Obviously, things have been in an unusual state of flux for a few years and the church isn’t immune. Some things have been altered through the intangible dynamics of the health challenges while others have been reshaped by economics, politics, and societal attitudes. All in all, the last three years have been a mixture of bad and good, the percentages of which I will leave to the perspicacity of the self-appointed moral and political appraisers.
Through all of this one thing remains beyond debate, God’s sovereignty. Nothing has escaped the Lord’s purview or violated His ultimate plan. And, if Romans 8:28 is true, our mission is not resolutions and resistance but rejoicing in discovering God’s will and ways inside these new rhythms and patterns. We could hunker down defensively and pine away for days gone by, but that is not the posture of good stewardship.
One of the larger narratives in the Old Testament relates to the different societal transitions through which Israel navigated. After their deliverance from Egypt and entrance into Canaan, there was, for a time, national stability with Israel living as God’s covenant people. Discontinuity only came when Israel turned to worship idols. Consequently, God used Assyria and Babylon to disembed the people from their worship and culture.
Certainly, the building of Zerubbabel’s modest temple and Nehemiah’s reconstruction of Jerusalem the walls brought re-formation, but it was not the Israel they had left behind. Core theological values remained intact to which Israel seemed even more committed than before, but worship was different. The old wept over the difference while the young rejoiced in its return. In some ways, this is where we now find ourselves.
When a church begins to rethink and reimagine how biblical values are to be communicated in worship it must think in theological ways. Past traditions as well as new and unfamiliar forms should be considered, measured scripturally, and spiritually evaluated as the church seeks to re-position itself to continue authentically connecting worshippers to Christ and one another.
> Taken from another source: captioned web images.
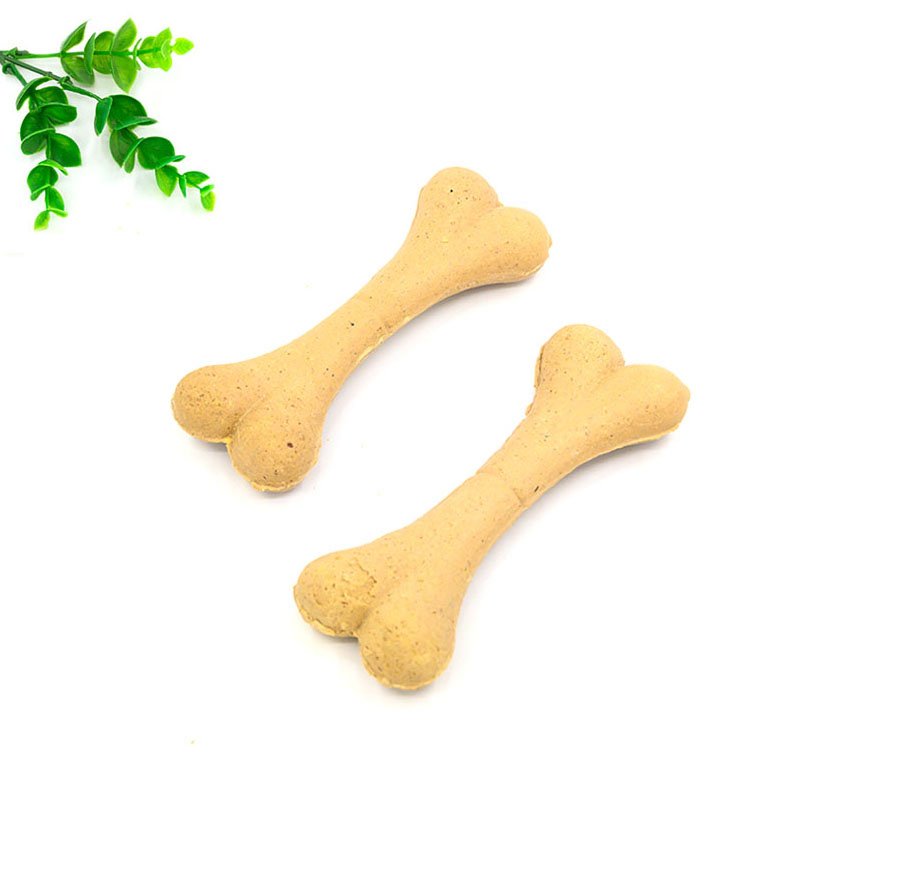 Chicken flavor dental chew (SDP026)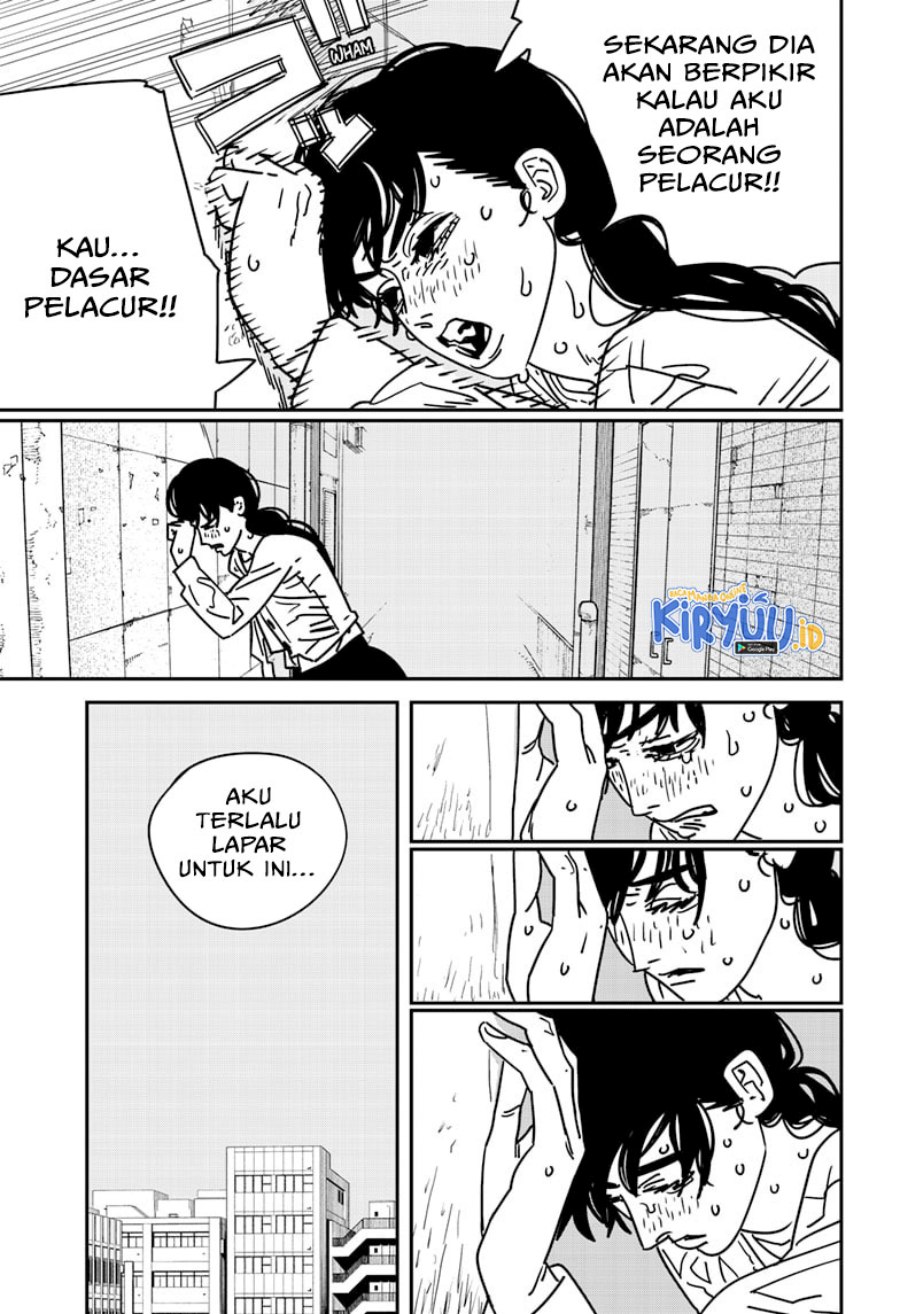 Chainsawman Chapter 168 Gambar 14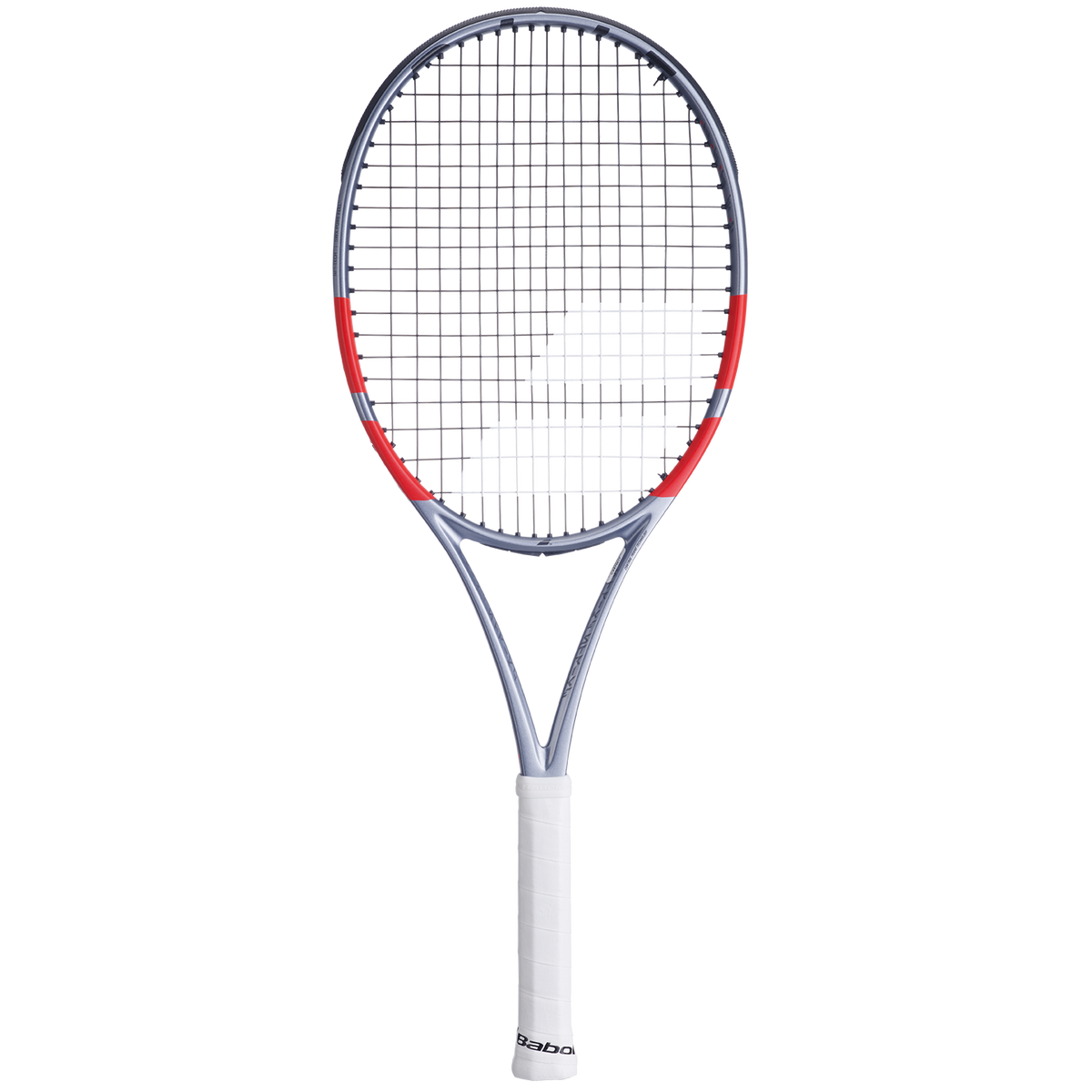 Babolat Pure Strike 98 Gen4 Tennis Racket 16/19 - Grey Grey Fluo Strike Tennis Rackets Babolat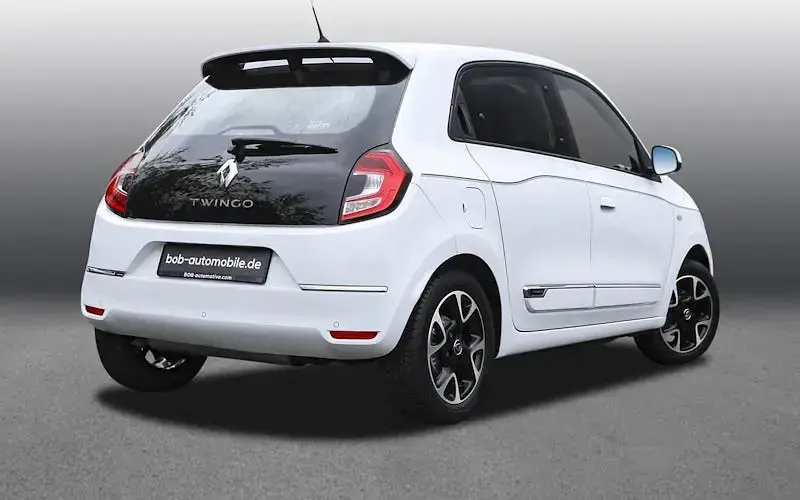 Gebraucht Renault Twingo Intens 73 PS (53 kW) 2019 Weiß Kleinwagen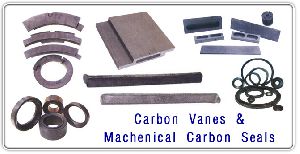 CARBON VANES AND machanical CARBON SEALS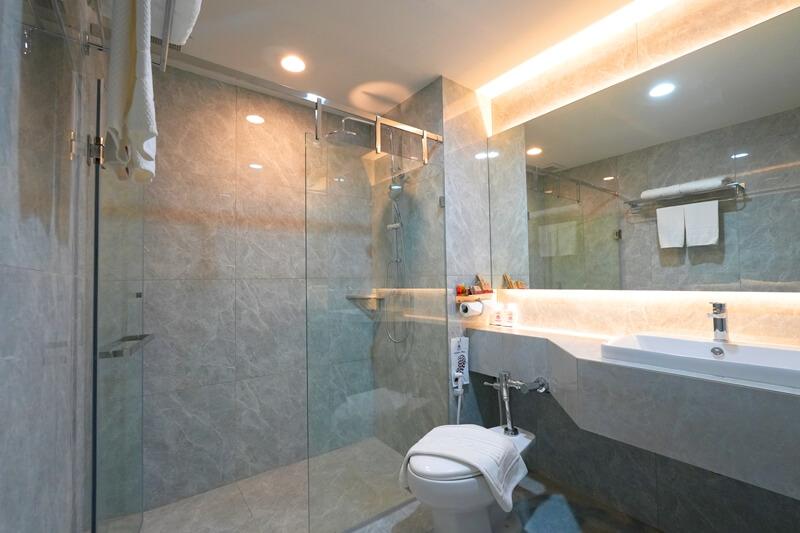 Asia Airport Hotel : Grand Executive Room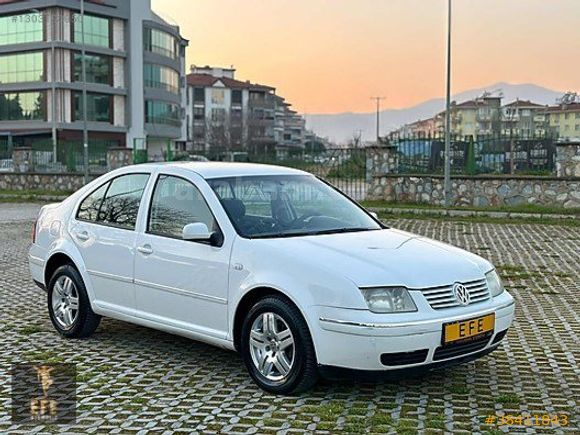 2003 MODEL BORA 184.000KM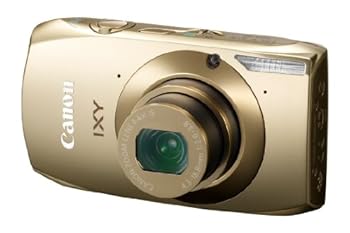 【中古】Canon デジタルカメラ IXY 31S ゴールド IXY31S(GL)｜COCOHOUSE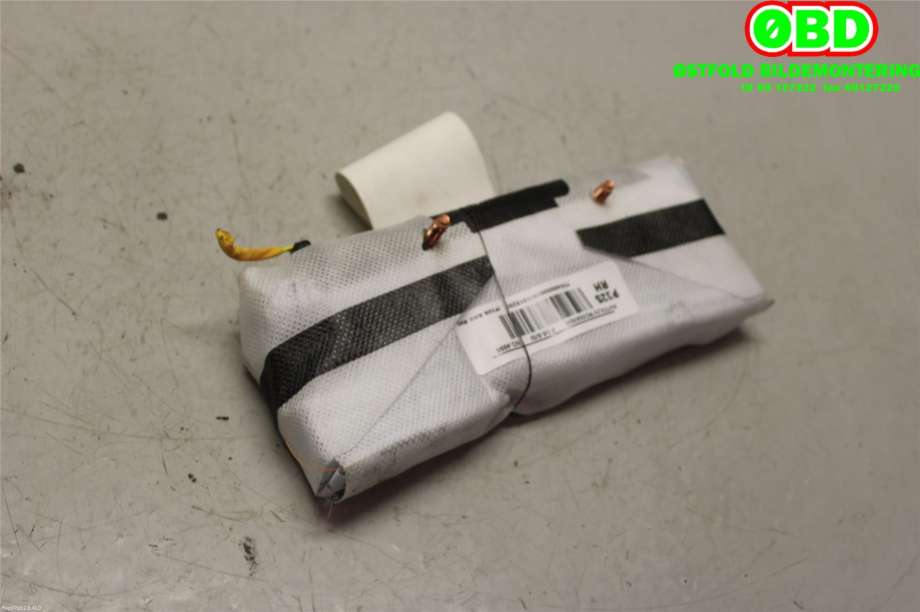 Airbag sidepute høyre til Nissan Qashqai 2014-2021 (Type II) (NISSAN|)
Worship, at its core, is communal while the church's nature is anatomical. Therefore, reimagining worship in this new world extends beyond the superficial elements of song, style, liturgy, and service format--although they are certainly included. However, the evaluation must begin with a sound theological understanding of the exact nature and purpose of the church, knowing the primary goal of worship and who this God is around which all true worship orbits.
Only after experiencing the tragedies of captivity did Israel become self-aware enough to read the handwriting on the wall and see the grave error of idolatrous worship.
Nietzsche said, “the most dangerous lie is the one we tell ourselves.” Since the inception of the church growth movement, we have been lying to ourselves about the true nature and purpose church, which recent developments have glaringly exposed. To increase our self-awareness, I propose that we begin by asking four questions.
How can we ensure that the “king” of worship is not diminished by the “kind” of worship?
Is it possible to extend the Lord's Day worship deeper into the worshipper’s week? And if so, how?
In contrast to the graded worship created during the church growth movement, how can we insure unified intergenerational relationships in worship?
What would be successful worship and is such a thing measurable?
Asking these questions against the background of clear and defined biblical theology and polity is a good starting place. As with biblical interpretation, we should seek to avoid adopting the “lenses” of special interests or focusing on unique groups. Our hope is unity not division, equality not old or new injustices. Here are some thoughts regarding the process of reframing and reimagining worship.
The guiding principles ought to be sound doctrine, Christ’s glory, body unity, and spiritual inspiration.
The measurements of good and bad should never be old and new.
There must be a glad willingness to keep, adopt, reframe, discard, or replace.
Don’t be afraid to confront or engage the culture. Paul’s refusal to allow traditions or pagan culture to either draw or repel allowed him to present a radical way of Christ living that changed the world.
Worship must seek to be transformative balancing form and freedom while resonating with all.
There should be a genuine desire to reveal and experience God in community through all forms of artistry.
James Muilenburg, former president of the Society of Biblical Literature writes, worship in the Old Testament was not “a flight into the dim unknown, to timelessness, or to a presence that disturbs and elates one in ecstasy… [it is] a holy meeting in which God grants forgiveness, comfort, and guidance, and where the worshipper responds in praise, often reciting God’s great redemptive acts.”
Worship matters, it is not a flight into uncertainty but the walk of faith into greater significance. Christ-honoring worship motivates us to discipleship while fueling evangelism. It has the power to stimulate us into godly service, for the stream of worship often flows into surrender as it increases conscious awareness of our living relationship with God.
 J. Muilenburg, The Way of Israel: Biblical Faith and Ethics. (New York: Harper, 1961), 107-108.